§ Work required: If a line below falls between the line with "A really helpful" and the line with "So a reactive", or is one of those two, output it exactly; output nothing else and no pictures.

§ Material to process:
──────

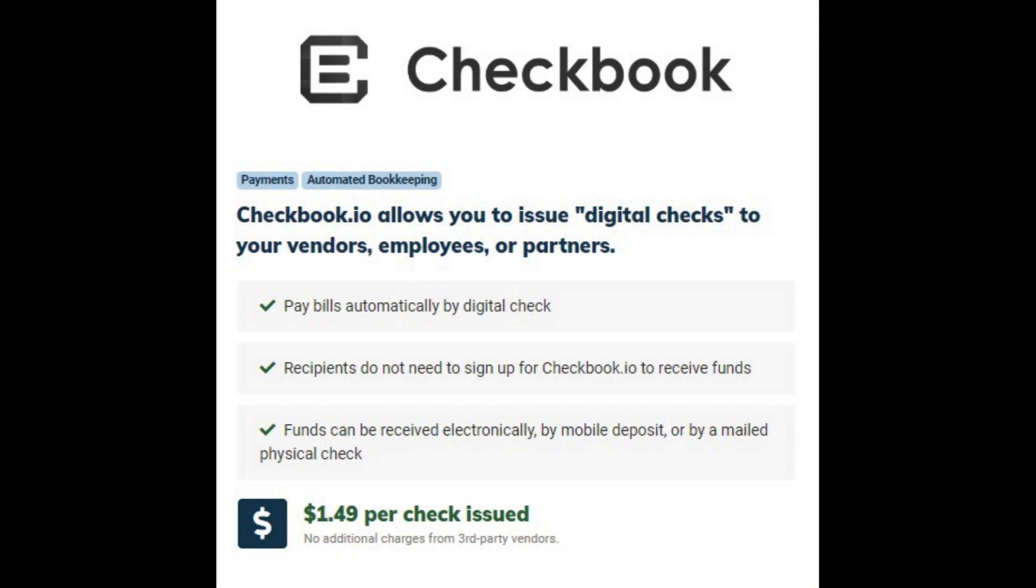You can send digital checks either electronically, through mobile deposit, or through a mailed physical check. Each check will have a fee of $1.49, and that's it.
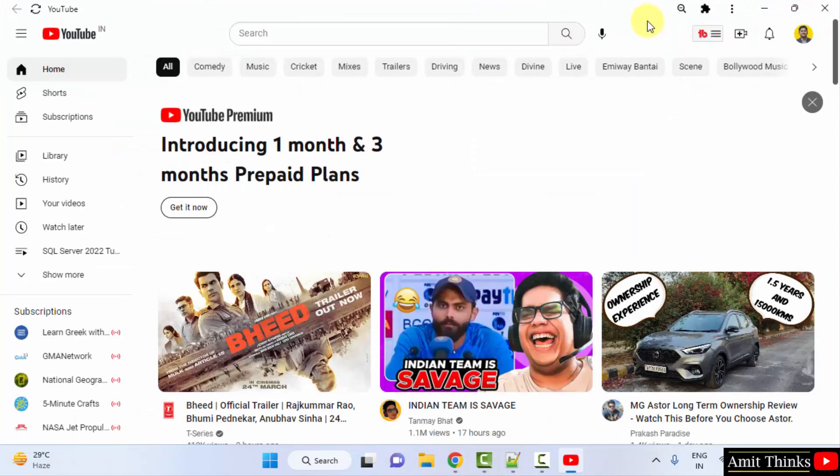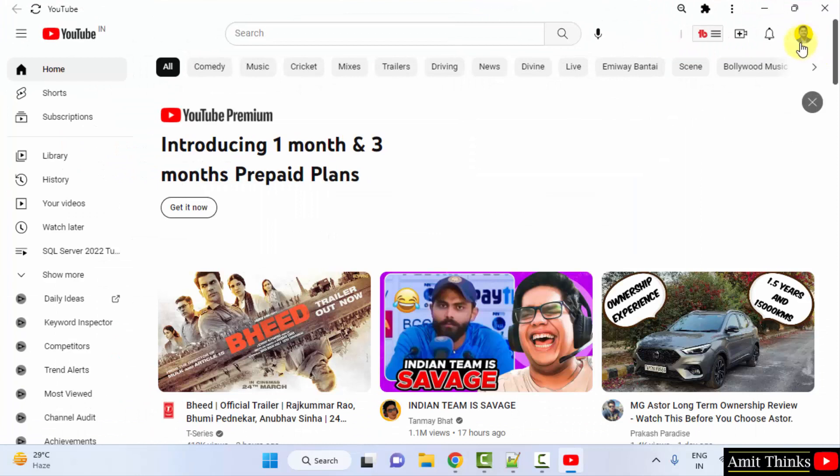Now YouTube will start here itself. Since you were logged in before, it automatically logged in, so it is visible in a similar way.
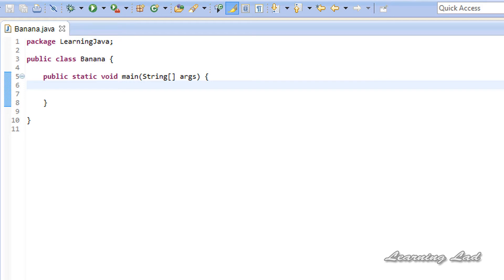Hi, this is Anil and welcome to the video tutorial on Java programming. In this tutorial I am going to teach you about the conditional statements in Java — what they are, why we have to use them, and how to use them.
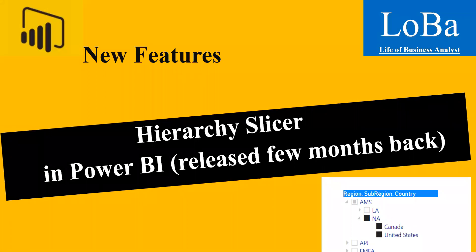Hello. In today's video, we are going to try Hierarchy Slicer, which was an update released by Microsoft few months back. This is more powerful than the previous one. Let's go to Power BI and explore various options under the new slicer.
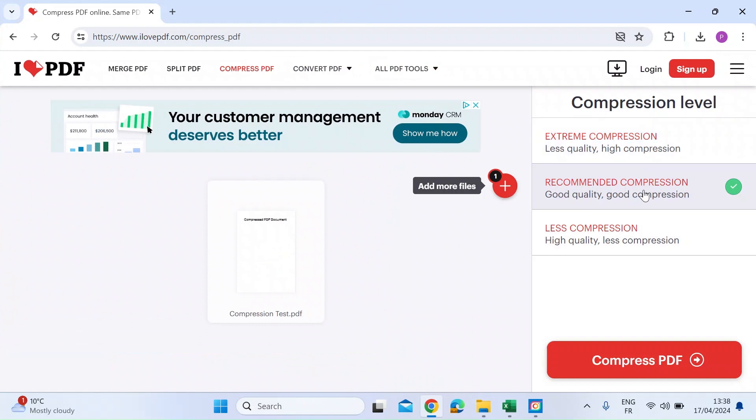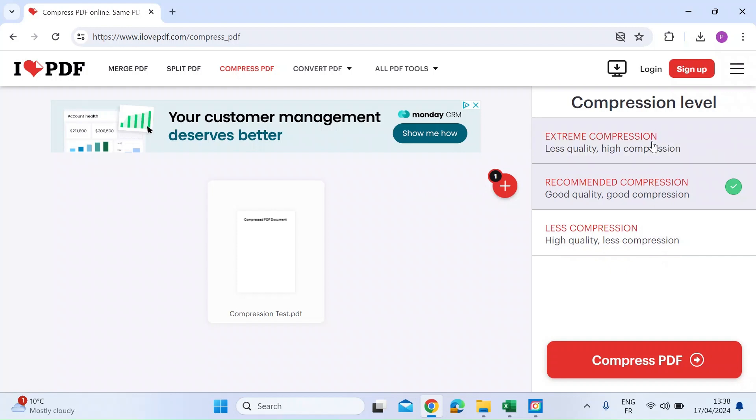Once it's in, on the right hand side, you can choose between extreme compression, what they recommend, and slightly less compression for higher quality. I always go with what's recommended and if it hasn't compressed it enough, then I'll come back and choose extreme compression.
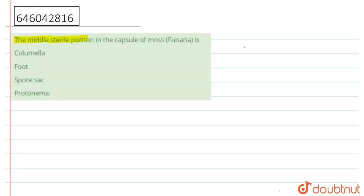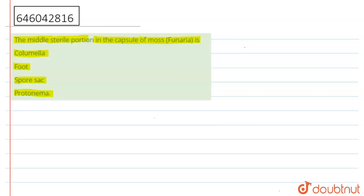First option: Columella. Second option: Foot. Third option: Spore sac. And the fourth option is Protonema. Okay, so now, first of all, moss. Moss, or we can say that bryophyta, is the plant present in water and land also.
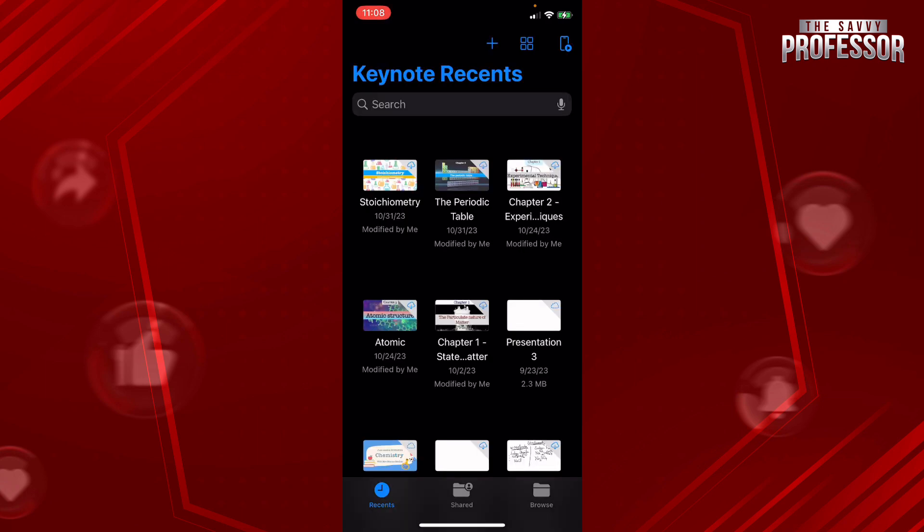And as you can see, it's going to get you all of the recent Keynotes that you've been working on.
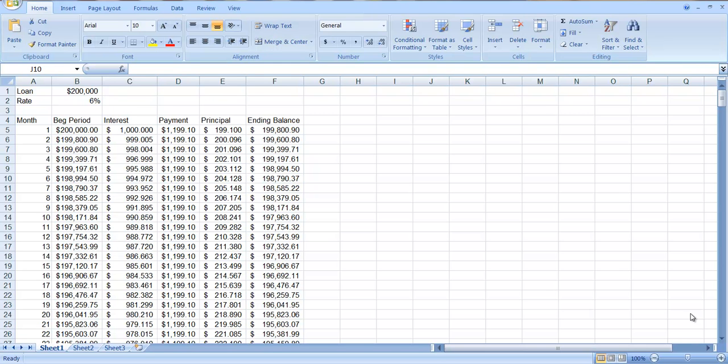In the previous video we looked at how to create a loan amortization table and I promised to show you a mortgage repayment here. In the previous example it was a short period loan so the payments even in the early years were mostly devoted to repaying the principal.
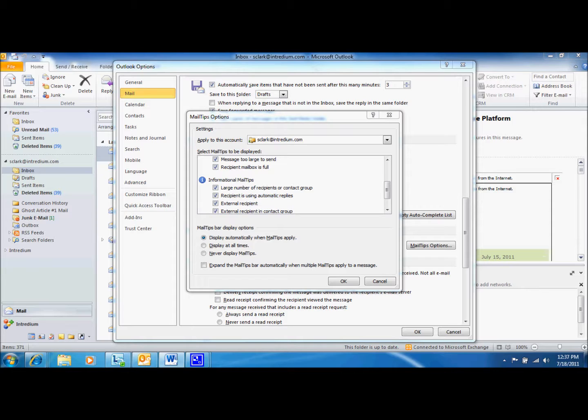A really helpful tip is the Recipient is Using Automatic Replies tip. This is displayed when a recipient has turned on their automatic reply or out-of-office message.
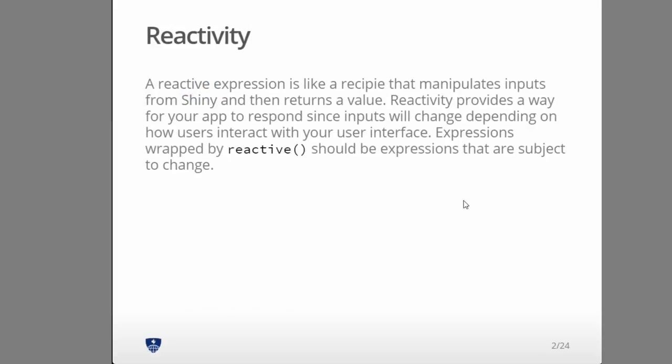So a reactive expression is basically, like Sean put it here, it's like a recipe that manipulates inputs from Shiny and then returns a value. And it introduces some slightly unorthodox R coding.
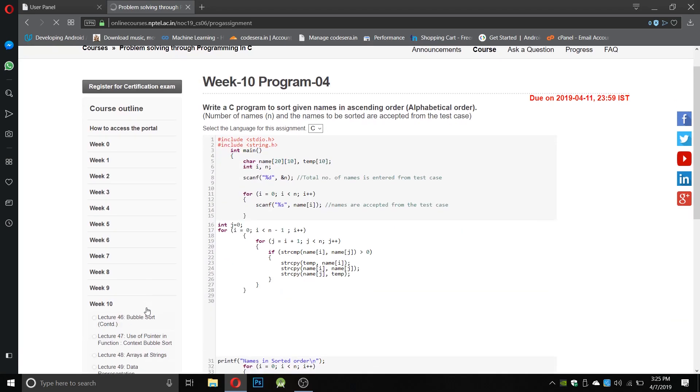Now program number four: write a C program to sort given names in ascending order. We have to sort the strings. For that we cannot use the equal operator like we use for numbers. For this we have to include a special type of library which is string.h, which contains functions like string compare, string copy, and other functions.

──────

§ Result for this exercise:
A really helpful tip is the Recipient is Using Automatic Replies tip. This is displayed when a recipient has turned on their automatic reply or out-of-office message.
So a reactive expression is basically, like Sean put it here, it's like a recipe that manipulates inputs from Shiny and then returns a value. And it introduces some slightly unorthodox R coding.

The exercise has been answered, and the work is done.